It's another gorgeous morning here in Sochi. We got a bit of a late start today. I think we still had a wee bit o jet lag last night. We had a blast watching the pairs figure skating final but we were both almost falling asleep all the way through. We're definitely packing the days full of activities, usually up and out by 8am and not getting back to our hotel until almost midnight. So much fun.
Currently, we're siting right near the Olympic torch, listening to the sound crew do a very loud sound check and planning out the afternoon, waiting to go to Restaurant.
The Olympic Park is very large, probably about 20% too big. I think that's mostly what's contributing to the sometimes "empty" feeling. It's not that there aren't people here its that this place is huge (and mostly everyone gets here after noon). Today is the first day that we've arrived well after 10, closer to 11, and our bus was over packed this morning.
All of these buildings are huge (except the curling center).
This is the Skating Palace where we saw figure skating last night. It's almost as big as The Staples Center, and it's not the biggest building here. It's my favorite exterior and decently designed inside as well.
Fisht Stadium is huge. I don't think we'll get to go inside. It looks impressive from what we've seen outside though.
The Bolshoy is probably the biggest building here and is where the hockey finals will be decided. We're trying to get tickets to a game here but with so many curling draws our schedule is pretty full.
We're going here (Adler Arena) on Saturday and we're very excited. I never thought about how big a speed skating venue would be but "big" is the answer. It looks really great on the outside, I hope the seats are better than The Ice Cube seats (have I mentioned how terrible and uncomfortable they are?).
The park also has wandering minstrels and theatre acts at various places and times. Sometimes they play to no one, other times there is a decent crowd.
Each country has a house in the park as well. We've been to the "House of Switzerland" the NBC USA house and we tried to go into the Canada house but we were somewhat rudely asked to leave. We are not friends or family of Canada, apparently. That's ok, I've got enough maple syrup back home.

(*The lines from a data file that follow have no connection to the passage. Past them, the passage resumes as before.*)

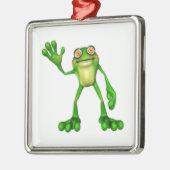 かわいいマンガにカエルを振るFroggie メタルオーナメント (左)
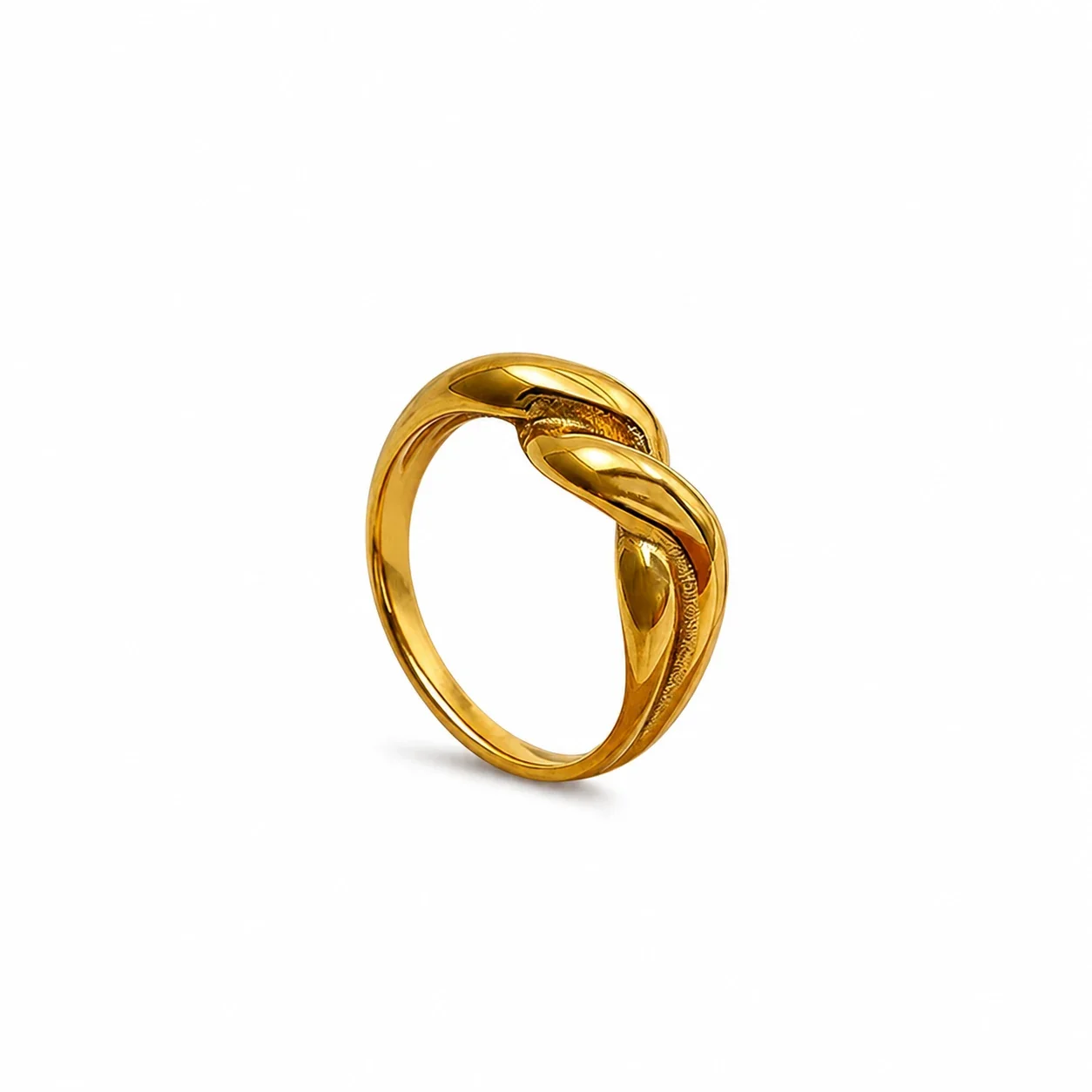 Sculptural 18K Gold-Plated 316 Stainless Steel Twisted Dome Ring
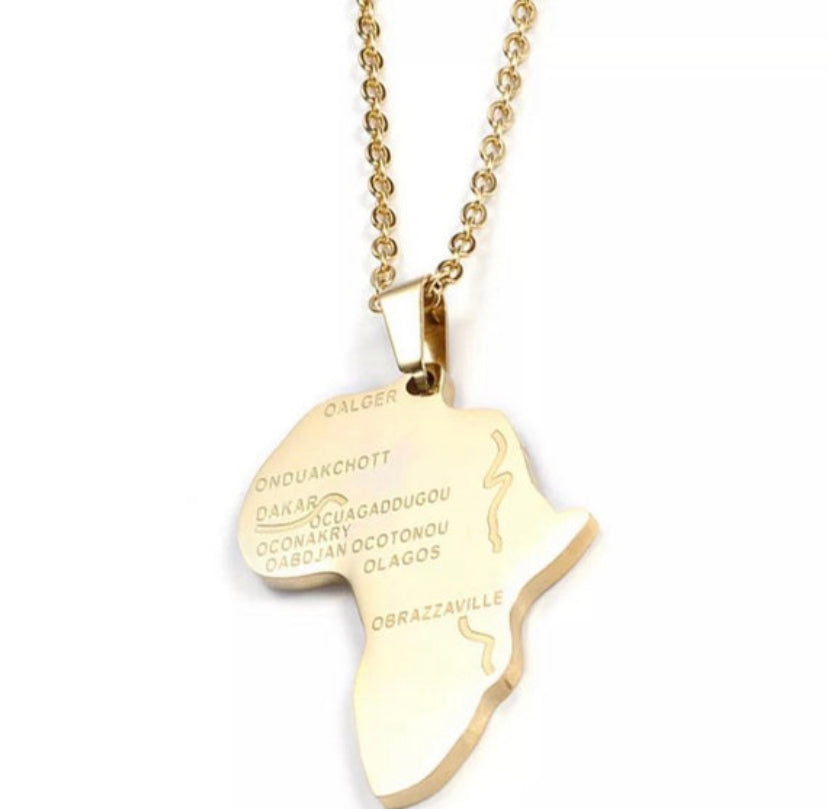 Gold and Silver Africa Necklace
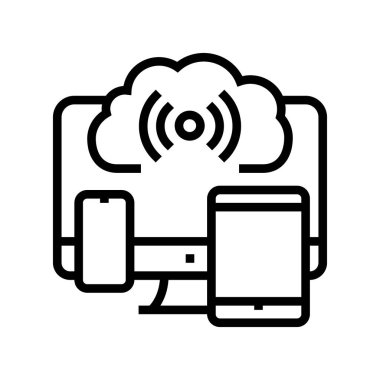 bulut depolama çizgisi vektör illüstrasyonu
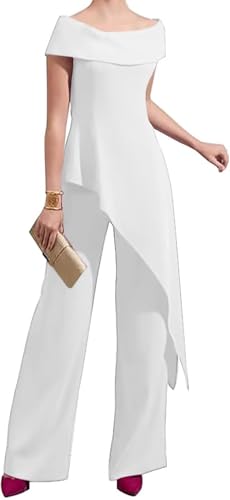 OERPPTA Plus Size Pantsuits for Special Occasions Fall White Chiffon Pant Suits for Women Dressy Wedding Off Shoulder Cocktail Outfits,US18w
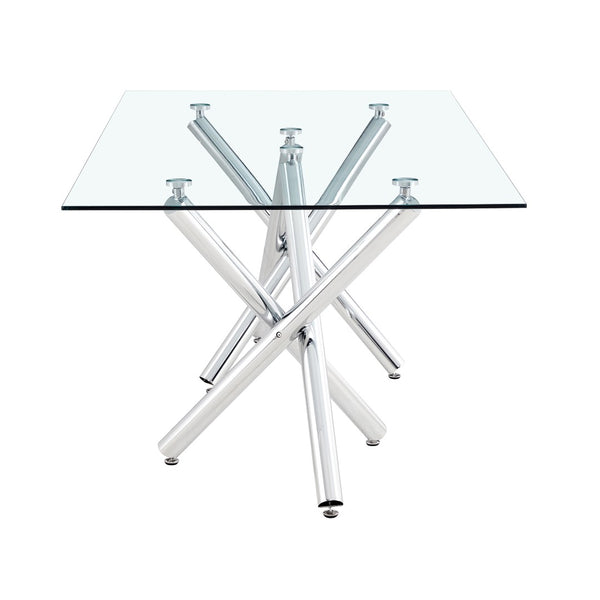 English Elm Large Tempered Glass Rectangular Dining Table Seats Eight with Sculptural Chrome Fork Legs W1151S04947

Then there is the amusement park, attached to the Olympic park. Our little guide book says its open but it really looks deserted or, more likely, unfinished. Either way, we're not adventurous enough to get on a Russian roller coaster.
There are lots of other buildings too. VW, Audi and Samsung all have places. Microsoft too, when went by this morning they were doing some kind if yoga dance thing. Oh, and then there's the Coca Cola experience.
Coke is by far the most prevalent US company her both inside and outside the park.
To give you guys a sense of how big the park is, here is a map. We enter each day at the top right and walk all the way to the bottom left. It's supposed to be 1.6 Km from the entrance to the curling venue but I think that's too short. It's a brisk 20 minute walk and I do mean brisk. At a regular walking pace it's better than 30 minutes. We are for sure getting our exercise. We must be walking 6 or 7 miles a day. Maybe that's why we are so exhausted at the end of each day.
The music choices in the park are also interesting. If your a fan of Ke$ha then you'd fit in fine. Though you better speak some Russian because both her and Timberlake are half English half Russisn. Marion 5 and Nicki Minaj are also in rotation but in full English. There are a few other artists, Linkin Park I think, but Ke$ha is by far the most played. Go USA pop culture?
Marissa has the hiccups so I think we should go get a beer and rest before we watch more curling.